Sur l'agument "la fille est OK avec la rupture du mariage, mais l'est elle vraiment ?", je me méfie un peu : ça me rappelle les travers de la position abolitionniste sur la question de la prositution, qui nie systématiquement la parole des prostituées et prétend savoir mieux q'elles ce qu'elles pensent en réalité au fond d'elle même. Un juge n'est pas là pour faire de la psychanalyse (ouf !), il se prononce à partir des éléments précis et affichés qu'il a dans un cas précis.

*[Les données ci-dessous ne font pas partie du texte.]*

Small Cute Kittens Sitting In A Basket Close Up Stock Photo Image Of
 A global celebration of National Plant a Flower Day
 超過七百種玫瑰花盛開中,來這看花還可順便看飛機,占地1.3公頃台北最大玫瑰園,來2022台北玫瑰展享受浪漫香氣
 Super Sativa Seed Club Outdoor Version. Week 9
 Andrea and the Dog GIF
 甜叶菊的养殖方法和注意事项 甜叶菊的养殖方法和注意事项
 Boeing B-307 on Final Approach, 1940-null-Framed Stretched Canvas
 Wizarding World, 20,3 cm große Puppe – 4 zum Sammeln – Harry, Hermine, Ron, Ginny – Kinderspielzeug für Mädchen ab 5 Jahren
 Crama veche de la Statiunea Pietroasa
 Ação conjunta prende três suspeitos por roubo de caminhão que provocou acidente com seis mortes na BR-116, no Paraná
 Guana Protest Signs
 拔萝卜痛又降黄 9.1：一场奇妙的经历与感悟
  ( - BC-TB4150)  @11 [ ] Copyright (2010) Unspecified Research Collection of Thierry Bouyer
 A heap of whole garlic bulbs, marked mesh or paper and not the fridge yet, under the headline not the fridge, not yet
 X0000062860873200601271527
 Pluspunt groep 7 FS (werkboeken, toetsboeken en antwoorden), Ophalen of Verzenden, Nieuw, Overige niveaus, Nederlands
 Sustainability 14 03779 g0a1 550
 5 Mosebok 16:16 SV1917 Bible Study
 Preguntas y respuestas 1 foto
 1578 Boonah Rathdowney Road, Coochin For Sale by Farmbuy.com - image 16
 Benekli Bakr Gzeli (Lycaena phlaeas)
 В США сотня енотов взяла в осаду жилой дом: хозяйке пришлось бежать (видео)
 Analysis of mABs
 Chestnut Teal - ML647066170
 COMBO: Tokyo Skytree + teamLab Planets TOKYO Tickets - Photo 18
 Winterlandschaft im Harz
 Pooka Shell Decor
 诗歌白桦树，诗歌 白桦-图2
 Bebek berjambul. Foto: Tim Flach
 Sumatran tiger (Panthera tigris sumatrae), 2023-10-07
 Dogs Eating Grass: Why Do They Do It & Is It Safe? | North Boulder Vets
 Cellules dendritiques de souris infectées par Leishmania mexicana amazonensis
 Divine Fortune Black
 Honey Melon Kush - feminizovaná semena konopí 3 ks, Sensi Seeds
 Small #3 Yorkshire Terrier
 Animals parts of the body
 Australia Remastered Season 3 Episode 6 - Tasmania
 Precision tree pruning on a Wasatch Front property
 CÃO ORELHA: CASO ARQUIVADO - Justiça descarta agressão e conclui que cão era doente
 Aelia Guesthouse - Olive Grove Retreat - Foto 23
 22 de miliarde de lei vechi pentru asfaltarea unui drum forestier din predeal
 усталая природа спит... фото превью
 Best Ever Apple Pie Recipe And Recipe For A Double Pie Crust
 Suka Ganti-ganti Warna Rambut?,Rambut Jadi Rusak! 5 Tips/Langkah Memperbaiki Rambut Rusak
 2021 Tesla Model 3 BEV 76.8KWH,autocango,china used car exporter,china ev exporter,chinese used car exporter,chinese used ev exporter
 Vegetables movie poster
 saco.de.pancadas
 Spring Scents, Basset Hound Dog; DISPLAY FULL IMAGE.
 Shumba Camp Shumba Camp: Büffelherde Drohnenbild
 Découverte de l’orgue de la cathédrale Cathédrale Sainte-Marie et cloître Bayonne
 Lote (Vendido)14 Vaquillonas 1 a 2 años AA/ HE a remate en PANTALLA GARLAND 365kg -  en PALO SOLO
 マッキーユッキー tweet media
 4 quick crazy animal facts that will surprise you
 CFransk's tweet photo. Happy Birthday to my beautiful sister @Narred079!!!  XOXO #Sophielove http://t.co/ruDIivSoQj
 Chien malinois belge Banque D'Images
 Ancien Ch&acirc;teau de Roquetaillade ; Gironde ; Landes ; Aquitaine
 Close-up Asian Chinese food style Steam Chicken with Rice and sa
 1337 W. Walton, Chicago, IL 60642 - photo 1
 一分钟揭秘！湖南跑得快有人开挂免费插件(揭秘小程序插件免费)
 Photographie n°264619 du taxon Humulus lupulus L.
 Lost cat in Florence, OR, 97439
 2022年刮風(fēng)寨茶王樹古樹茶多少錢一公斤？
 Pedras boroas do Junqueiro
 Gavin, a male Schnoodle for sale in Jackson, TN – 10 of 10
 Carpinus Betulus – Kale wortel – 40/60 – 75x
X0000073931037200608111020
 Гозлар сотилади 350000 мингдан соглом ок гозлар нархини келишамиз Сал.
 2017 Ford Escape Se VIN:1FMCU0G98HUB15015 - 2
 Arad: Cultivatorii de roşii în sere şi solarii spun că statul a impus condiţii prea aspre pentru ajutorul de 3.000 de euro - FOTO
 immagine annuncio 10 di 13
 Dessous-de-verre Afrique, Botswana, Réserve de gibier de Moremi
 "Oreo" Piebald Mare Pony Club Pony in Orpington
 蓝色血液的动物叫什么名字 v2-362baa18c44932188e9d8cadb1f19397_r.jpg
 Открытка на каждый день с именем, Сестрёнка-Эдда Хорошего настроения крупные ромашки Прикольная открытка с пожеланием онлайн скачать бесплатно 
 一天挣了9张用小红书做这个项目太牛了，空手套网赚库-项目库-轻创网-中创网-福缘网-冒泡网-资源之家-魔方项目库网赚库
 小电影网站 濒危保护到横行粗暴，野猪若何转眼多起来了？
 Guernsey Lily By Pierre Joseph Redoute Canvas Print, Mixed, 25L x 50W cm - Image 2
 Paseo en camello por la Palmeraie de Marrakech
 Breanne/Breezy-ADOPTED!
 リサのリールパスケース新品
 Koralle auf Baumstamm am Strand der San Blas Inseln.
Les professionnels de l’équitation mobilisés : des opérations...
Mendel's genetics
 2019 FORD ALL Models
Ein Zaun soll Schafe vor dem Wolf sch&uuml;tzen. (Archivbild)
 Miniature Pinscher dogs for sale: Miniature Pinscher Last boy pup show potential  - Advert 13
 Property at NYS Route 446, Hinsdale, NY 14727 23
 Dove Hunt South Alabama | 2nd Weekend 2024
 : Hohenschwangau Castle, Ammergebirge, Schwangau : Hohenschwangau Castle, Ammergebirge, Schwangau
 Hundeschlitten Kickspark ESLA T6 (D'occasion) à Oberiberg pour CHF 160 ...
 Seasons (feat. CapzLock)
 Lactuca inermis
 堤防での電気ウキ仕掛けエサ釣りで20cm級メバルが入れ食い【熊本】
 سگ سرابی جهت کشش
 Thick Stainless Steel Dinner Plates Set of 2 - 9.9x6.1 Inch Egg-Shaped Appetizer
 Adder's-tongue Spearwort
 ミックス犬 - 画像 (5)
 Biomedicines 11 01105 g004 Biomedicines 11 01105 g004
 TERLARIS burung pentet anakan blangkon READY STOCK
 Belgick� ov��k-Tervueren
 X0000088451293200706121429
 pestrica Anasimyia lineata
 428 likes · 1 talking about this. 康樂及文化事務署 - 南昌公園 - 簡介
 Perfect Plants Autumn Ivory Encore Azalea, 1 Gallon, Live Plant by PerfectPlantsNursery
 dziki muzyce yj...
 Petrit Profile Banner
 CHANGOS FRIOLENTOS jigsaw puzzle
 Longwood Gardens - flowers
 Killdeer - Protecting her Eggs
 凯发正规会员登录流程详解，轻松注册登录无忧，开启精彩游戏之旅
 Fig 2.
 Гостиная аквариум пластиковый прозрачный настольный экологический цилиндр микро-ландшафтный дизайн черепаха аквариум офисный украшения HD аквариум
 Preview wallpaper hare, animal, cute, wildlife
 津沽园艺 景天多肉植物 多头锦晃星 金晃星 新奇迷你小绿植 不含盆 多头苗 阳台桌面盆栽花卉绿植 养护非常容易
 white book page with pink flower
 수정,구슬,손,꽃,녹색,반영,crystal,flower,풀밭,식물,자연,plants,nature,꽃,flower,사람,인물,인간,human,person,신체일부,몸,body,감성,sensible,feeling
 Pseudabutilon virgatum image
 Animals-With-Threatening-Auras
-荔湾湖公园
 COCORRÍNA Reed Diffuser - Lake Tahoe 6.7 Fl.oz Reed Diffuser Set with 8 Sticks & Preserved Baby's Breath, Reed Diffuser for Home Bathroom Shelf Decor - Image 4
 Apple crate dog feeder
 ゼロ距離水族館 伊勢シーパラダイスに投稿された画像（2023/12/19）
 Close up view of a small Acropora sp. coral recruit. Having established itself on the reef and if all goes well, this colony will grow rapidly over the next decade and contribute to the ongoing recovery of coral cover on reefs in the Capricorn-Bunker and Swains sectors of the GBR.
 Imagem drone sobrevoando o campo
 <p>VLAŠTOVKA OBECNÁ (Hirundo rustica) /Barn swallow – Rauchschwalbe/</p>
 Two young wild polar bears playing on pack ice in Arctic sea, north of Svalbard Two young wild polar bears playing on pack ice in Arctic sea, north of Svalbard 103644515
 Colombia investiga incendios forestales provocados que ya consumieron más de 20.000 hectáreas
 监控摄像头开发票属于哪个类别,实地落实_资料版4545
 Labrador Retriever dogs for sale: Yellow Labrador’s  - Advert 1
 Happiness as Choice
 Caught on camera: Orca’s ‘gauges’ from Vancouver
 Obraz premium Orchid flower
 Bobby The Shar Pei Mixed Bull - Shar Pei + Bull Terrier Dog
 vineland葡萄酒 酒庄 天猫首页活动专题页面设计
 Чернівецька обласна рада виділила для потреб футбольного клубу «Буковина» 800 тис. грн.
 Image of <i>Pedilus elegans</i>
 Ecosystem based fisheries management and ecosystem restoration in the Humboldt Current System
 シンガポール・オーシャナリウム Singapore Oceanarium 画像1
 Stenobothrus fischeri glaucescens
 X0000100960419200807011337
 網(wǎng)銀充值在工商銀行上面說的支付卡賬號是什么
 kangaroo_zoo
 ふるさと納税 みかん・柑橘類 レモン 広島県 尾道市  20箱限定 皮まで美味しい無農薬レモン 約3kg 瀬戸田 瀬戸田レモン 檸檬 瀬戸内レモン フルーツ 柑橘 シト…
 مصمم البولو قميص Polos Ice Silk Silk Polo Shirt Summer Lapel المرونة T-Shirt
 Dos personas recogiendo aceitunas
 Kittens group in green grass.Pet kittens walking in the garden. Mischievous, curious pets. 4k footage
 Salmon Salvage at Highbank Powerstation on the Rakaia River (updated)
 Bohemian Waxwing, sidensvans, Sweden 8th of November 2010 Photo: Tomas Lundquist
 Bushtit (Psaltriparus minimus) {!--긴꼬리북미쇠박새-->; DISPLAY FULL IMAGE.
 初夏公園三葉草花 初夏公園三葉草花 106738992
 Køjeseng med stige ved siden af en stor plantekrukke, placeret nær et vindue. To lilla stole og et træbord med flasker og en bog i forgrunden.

Maintenant, je constate que cette décision soulève de fait un débat sur le statut du mariage, et c'est parfois assez intéressant. Je copie ci dessous une tribune "de gauche à consonnance antilibérales" parue dans l'Huma, dont je ne partage pas le point de vue et qui me semble être le piège dans lequel il ne faut pas se laisser enfermer :
- le discours antiprivatisation est ici hors sujet, et je trouve qu'il est toujours plus sain que l'Etat se mêle le moins possible de si et comment les gens baisent.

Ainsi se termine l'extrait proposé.